Je dois d'abord vous dire que plus j'avançais dans mes travaux pour le rapport, plus je considérais qu'améliorer le système dans le cadre du paritarisme m'apparaissait possible. Il ne me semble pas évident que l'on fasse mieux avec l'échevinage. La loi d'août 2015 me paraît aller dans le bon sens, à condition que les conseils de prud'hommes s'approprient la réforme et acceptent de jouer le jeu. Elle donne des possibilités en matière de procédure qui permettent de traiter efficacement les affaires. Les parties ont désormais l'obligation de fournir leurs pièces avant même la première convocation pour conciliation. Je n'arrive pas à comprendre comment on pourrait tenter une conciliation sans savoir quel est le fond de l'affaire – c'est pourtant la position défendue par certains. Ensuite, le conseil a la possibilité de fixer des délais contraignants pour les échanges des écritures entre les parties et des documents justificatifs, avec une date de clôture passée laquelle il n'est plus possible de présenter de nouvelles pièces, ce qui me paraît essentiel pour éviter les renvois qui perturbent considérablement le fonctionnement des juridictions. Possibilité est également donnée d'utiliser des circuits diversifiés : juger immédiatement si le défenseur ne comparaît pas me paraît important puisque le conseil sera dorénavant déjà en possession des pièces, en gardant à l'esprit qu'il s'agit davantage d'inciter le défenseur à comparaître ou à se faire représenter pour organiser, le cas échéant, une conciliation voire une médiation. Le conseil a justement la possibilité de consacrer du temps à la conciliation. Il a encore la possibilité d'utiliser des circuits courts. Certaines affaires, ne méritant pas d'être renvoyées devant un bureau formé de quatre personnes, peuvent être jugées par deux personnes. Pour d'autres, le conseil prud'homal sait par expérience que le bureau de jugement se mettra en départage : pourquoi ne pas renvoyer directement à la formation présidée par le juge départiteur ?

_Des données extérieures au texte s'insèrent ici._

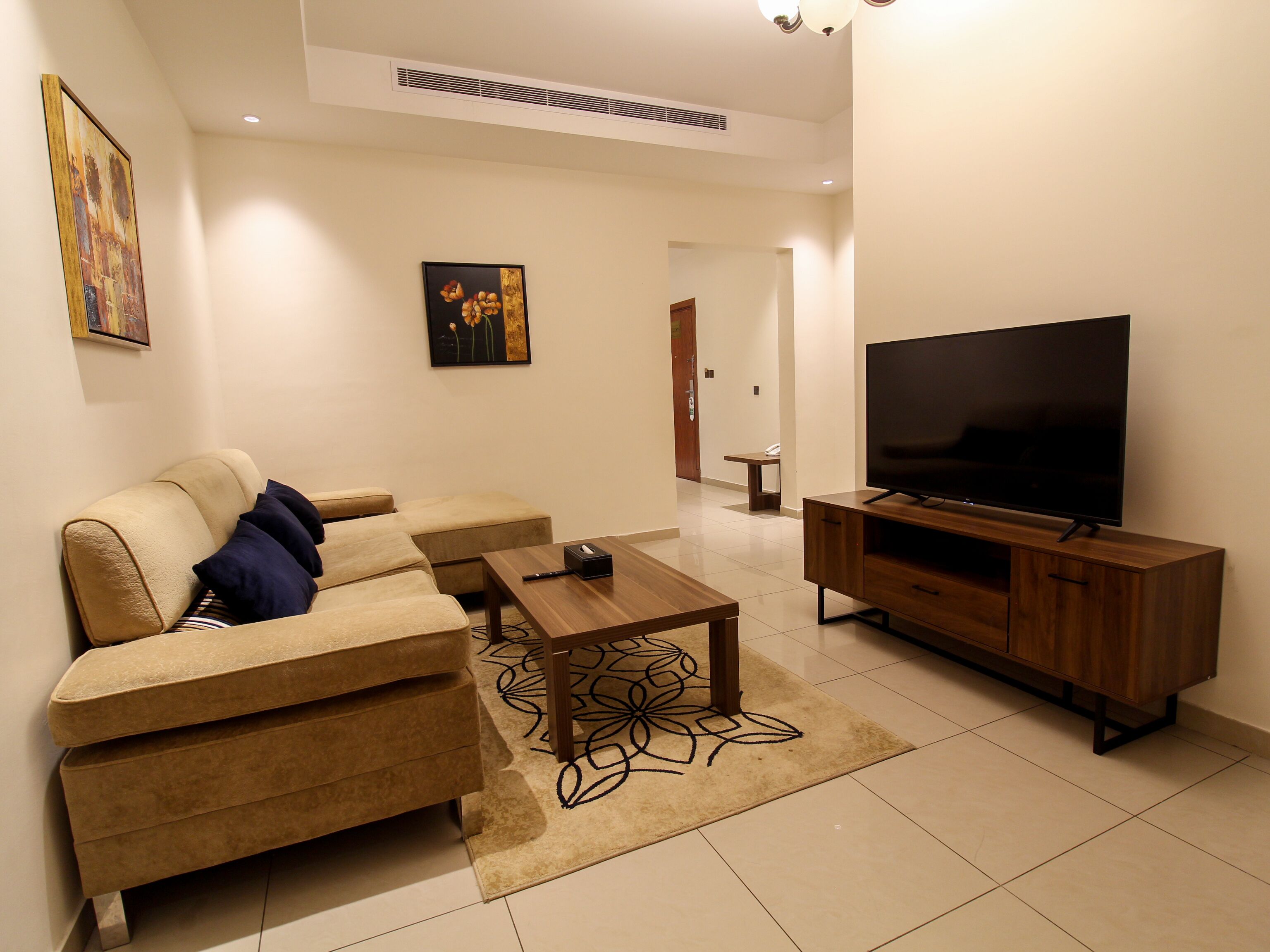 A modern living room with a sectional sofa, a coffee table, a TV on a wooden stand, and artwork on the walls.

Il ne s'agit pas de mettre sous contrainte ou sous tutelle l'institution prud'homale mais de lui donner une palette de solutions pour mieux traiter le contentieux. Il lui appartiendra de s'approprier ces nouvelles possibilités.
S'agissant de la barémisation, monsieur le rapporteur, nous pouvons dire que le Conseil constitutionnel, s'il s'est montré défavorable à l'un des critères retenus, ne s'est pas prononcé contre son principe. Je préférerais un système où il y aurait une possibilité pour le juge de sortir du barème dans des circonstances particulières.

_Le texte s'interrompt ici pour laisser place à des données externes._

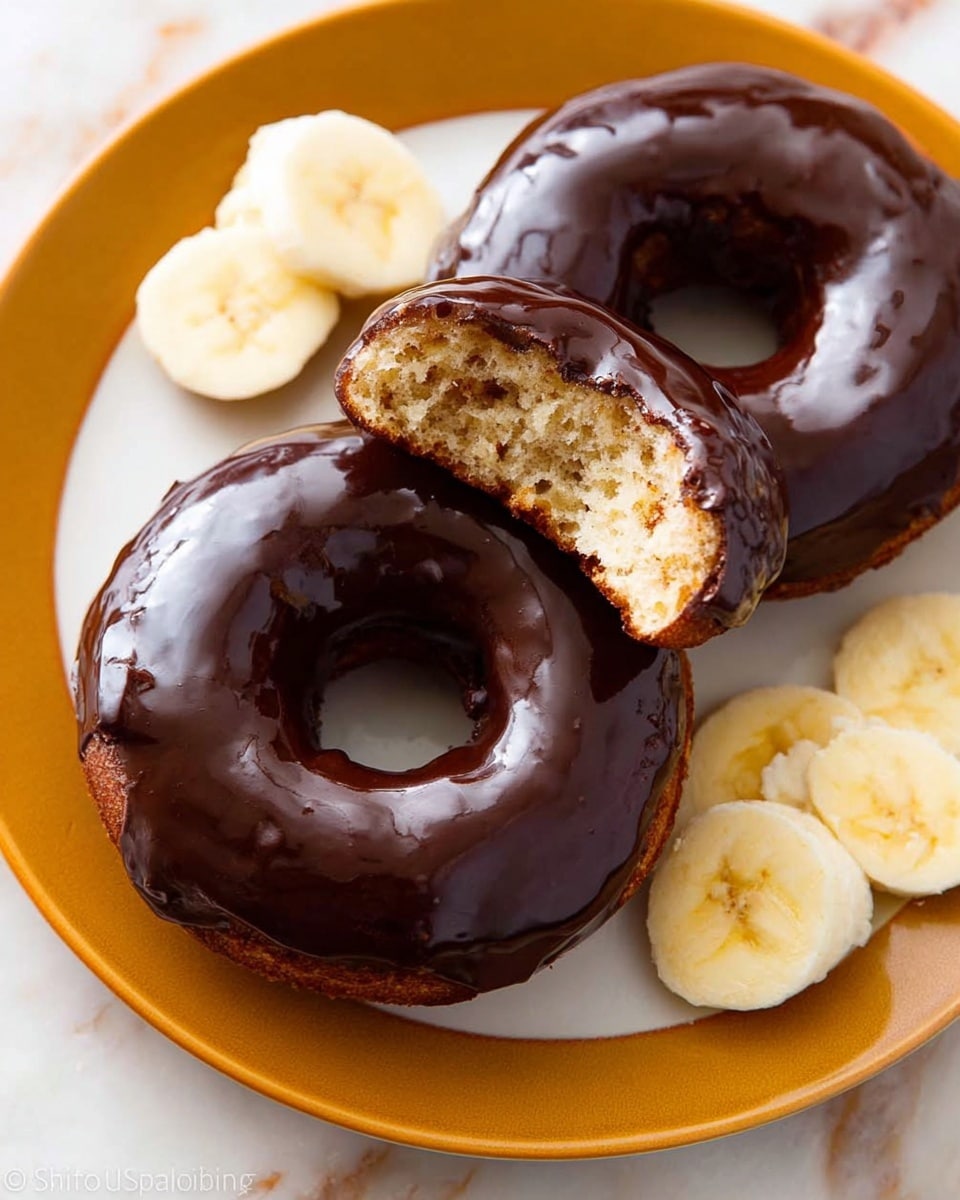 Two chocolate-glazed donuts are placed on a white plate with an orange rim set on a white marbled surface. One donut is whole with a shiny, smooth dark chocolate glaze on top. The other donut is broken into two pieces showing a light brown, soft, and fluffy cake inside beneath the glossy chocolate glaze. Next to the donuts, there are a few slices of peeled banana with a creamy, pale yellow color and soft texture. Photo taken with an iphone --ar 4:5 --v 7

Autre point important : il ne faut pas penser que la barémisation de certains types d'indemnités va forcément simplifier le travail des juges prud'homaux et assurer une prévisibilité certaine pour les entreprises. De plus en plus, les chefs de demande sont multiples – harcèlement, manquement à l'obligation de sécurité, manquement à l'obligation de prévention contre le risque de santé. On ne peut pas tout barémiser.